Create a new analyzer for tokenizing names and queries using this tokinzer. Analyzers are context managers and should be used accordingly:

with tokenizer.name_analyzer() as analyzer:
    analyser.tokenize()

When used outside the with construct, the caller must ensure to call the close() function before destructing the analyzer.

`update_sql_functions(config)` `abstractmethod` 🔗

Update the SQL part of the tokenizer. This function is called automatically on migrations or may be called explicitly by the user through the nominatim refresh --functions command.

The tokenizer must only update the code of the tokenizer. The data structures or data itself must not be changed by this function.

Parameters:

Name	Type	Description	Default
`config`	`Configuration`	Read-only object with configuration options.	required

`update_statistics(config, threads=1)` `abstractmethod` 🔗

Recompute any tokenizer statistics necessary for efficient lookup. This function is meant to be called from time to time by the user to improve performance. However, the tokenizer must not depend on it to be called in order to work.

`update_word_tokens()` `abstractmethod` 🔗

Do house-keeping on the tokenizers internal data structures. Remove unused word tokens, resort data etc.

Python Analyzer Class🔗

The analyzer provides the functions for analysing names and building the token database.

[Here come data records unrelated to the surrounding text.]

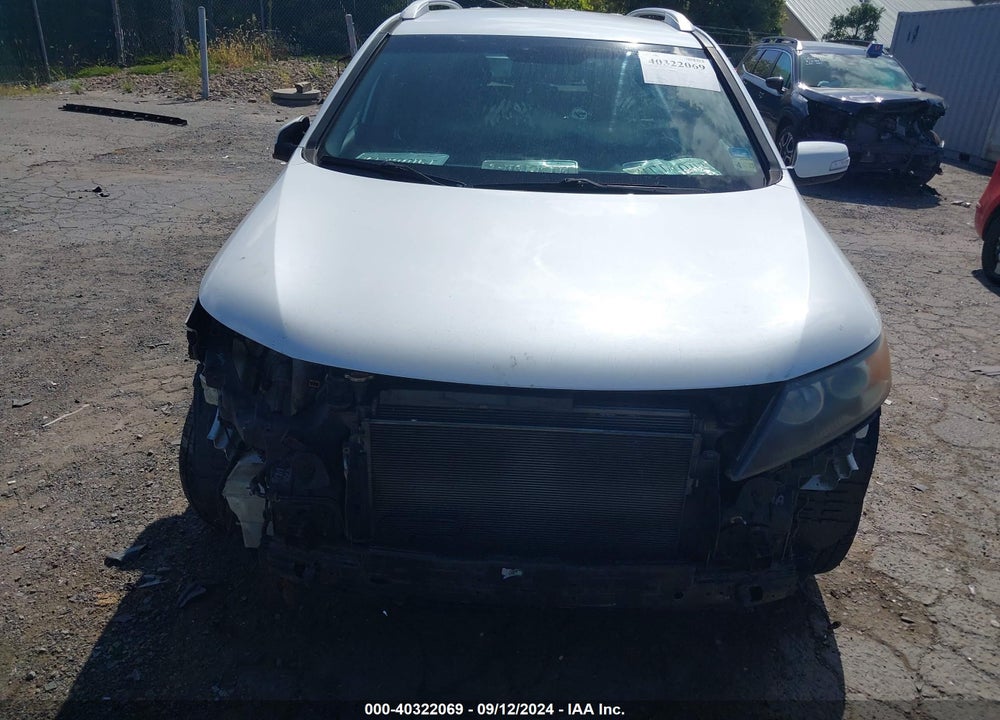2012 KIA SORENTO LX VIN: 5XYKT3A6XCG240806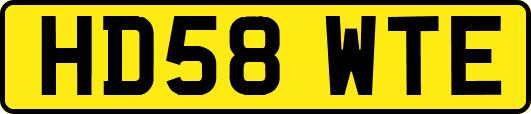 HD58WTE
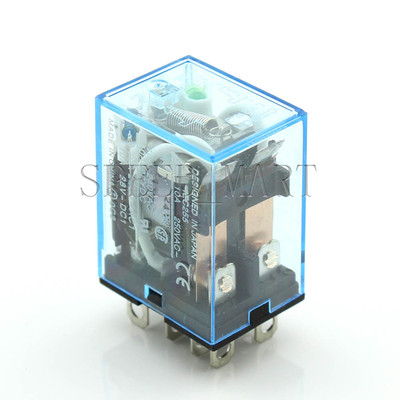 1PCS DC 24V Coil OMRON LY2NJ Relay – 10A 8-Pin DPDT For Circuit Projects 7 thumbnail image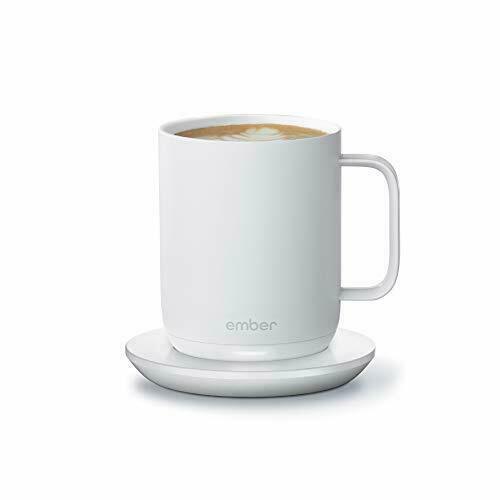 Ember Temperature Control Smart Mug 2 - 10oz - White - Keeps Drinks Hot  
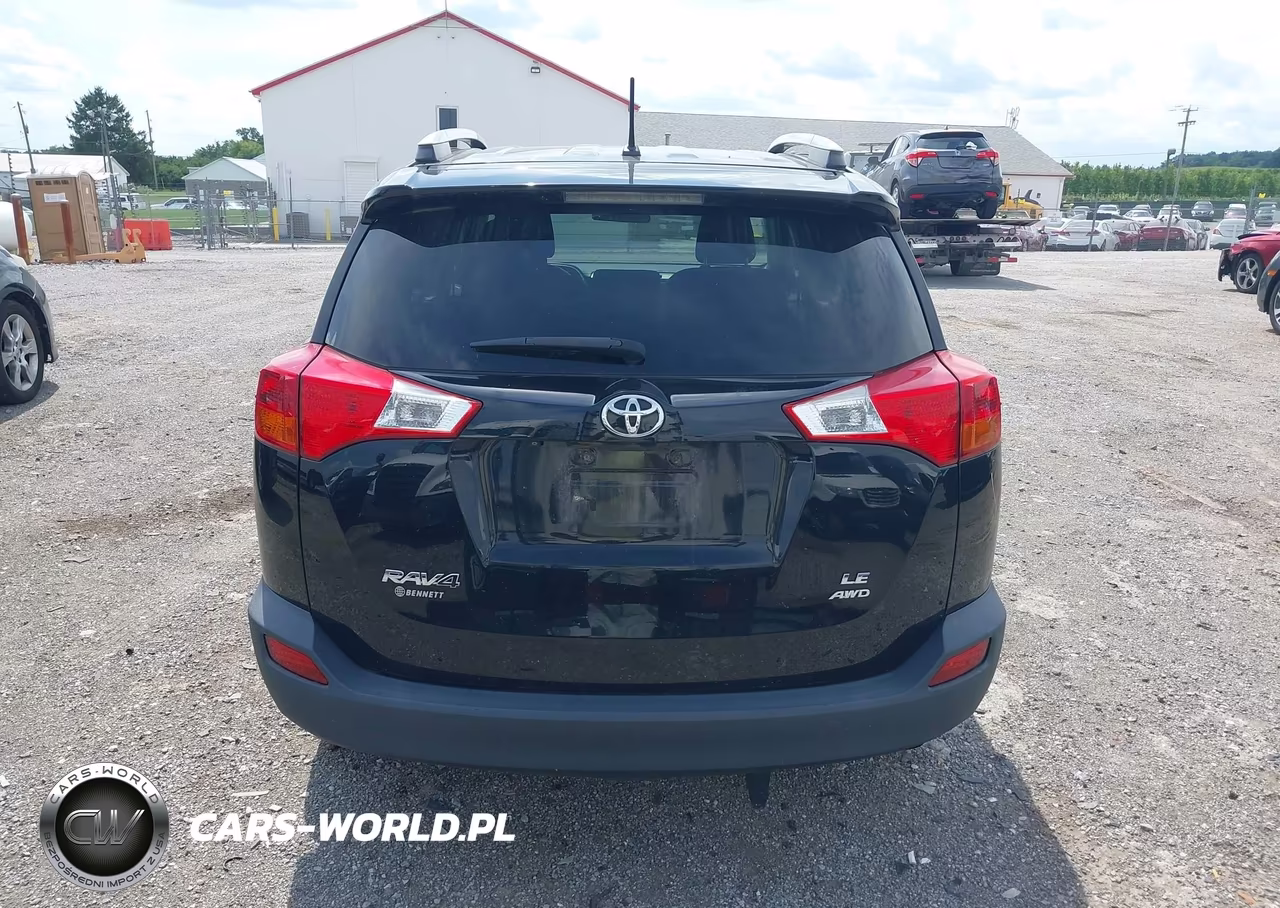 2015 Toyota Rav4 Le VIN:2T3BFREV9FW340770 - 16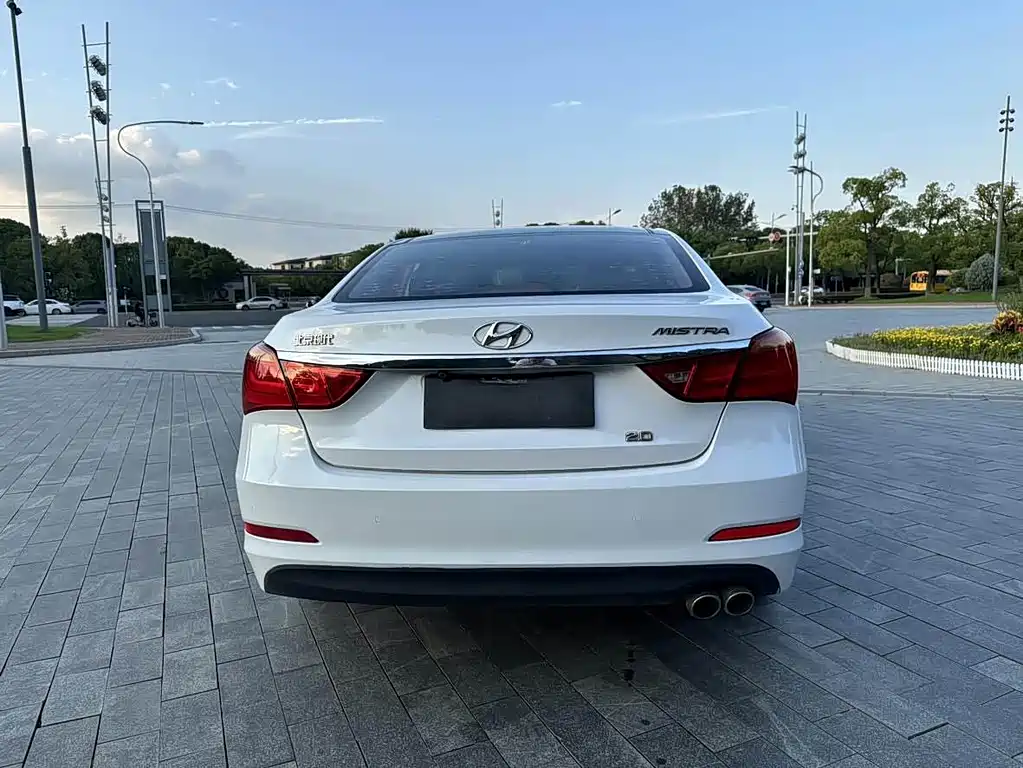 Hyundai Mistra 2016 — фото 6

Analyzers are instantiated on a per-thread base. Access to global data structures must be synchronised accordingly.

`add_country_names(country_code, names)` `abstractmethod` 🔗

Add the given names to the tokenizer's list of country tokens.

Parameters:

Name	Type	Description	Default
`country_code`	`str`	two-letter country code for the country the names refer to.	required
`names`	`Dict[str, str]`	Dictionary of name type to name.	required

`close()` `abstractmethod` 🔗

Free all resources used by the analyzer.

`get_word_token_info(words)` `abstractmethod` 🔗

Return token information for the given list of words.

The function is used for testing and debugging only and does not need to be particularly efficient.

Parameters:

Name	Type	Description	Default
`words`	`List[str]`	A list of words to look up the tokens for. If a word starts with # it is assumed to be a full name otherwise is a partial term.	required

Returns:

Type	Description
`List[Tuple[str, str, Optional[int]]]`	The function returns the list of all tuples that could be found for the given words. Each list entry is a tuple of (original word, word token, word id).

`normalize_postcode(postcode)` `abstractmethod` 🔗

Convert the postcode to its standardized form.

This function must yield exactly the same result as the SQL function token_normalized_postcode().

Parameters:

Name	Type	Description	Default
`postcode`	`str`	The postcode to be normalized.	required

Returns:

Type	Description
`str`	The given postcode after normalization.

`process_place(place)` `abstractmethod` 🔗

Extract tokens for the given place and compute the information to be handed to the PL/pgSQL processor for building the search index.

Parameters:

Name	Type	Description	Default
`place`	`PlaceInfo`	Place information retrieved from the database.	required

Returns:

Type	Description
`Any`	A JSON-serialisable structure that will be handed into the database via the `token_info` field.

`update_postcodes_from_db()` `abstractmethod` 🔗

Update the tokenizer's postcode tokens from the current content of the location_postcodes table.

`update_special_phrases(phrases, should_replace)` `abstractmethod` 🔗

Update the tokenizer's special phrase tokens from the given list of special phrases.

Parameters:

Name	Type	Description	Default
`phrases`	`Iterable[Tuple[str, str, str, str]]`	The new list of special phrases. Each entry is a tuple of (phrase, class, type, operator).	required
`should_replace`	`bool`	If true, replace the current list of phrases. When false, just add the given phrases to the ones that already exist.	required

Python Query Analyzer Class🔗

Class for analysing incoming queries.

Query analyzers are tied to the tokenizer used on import.

`analyze_query(phrases)` `abstractmethod` `async` 🔗

Analyze the given phrases and return the tokenized query.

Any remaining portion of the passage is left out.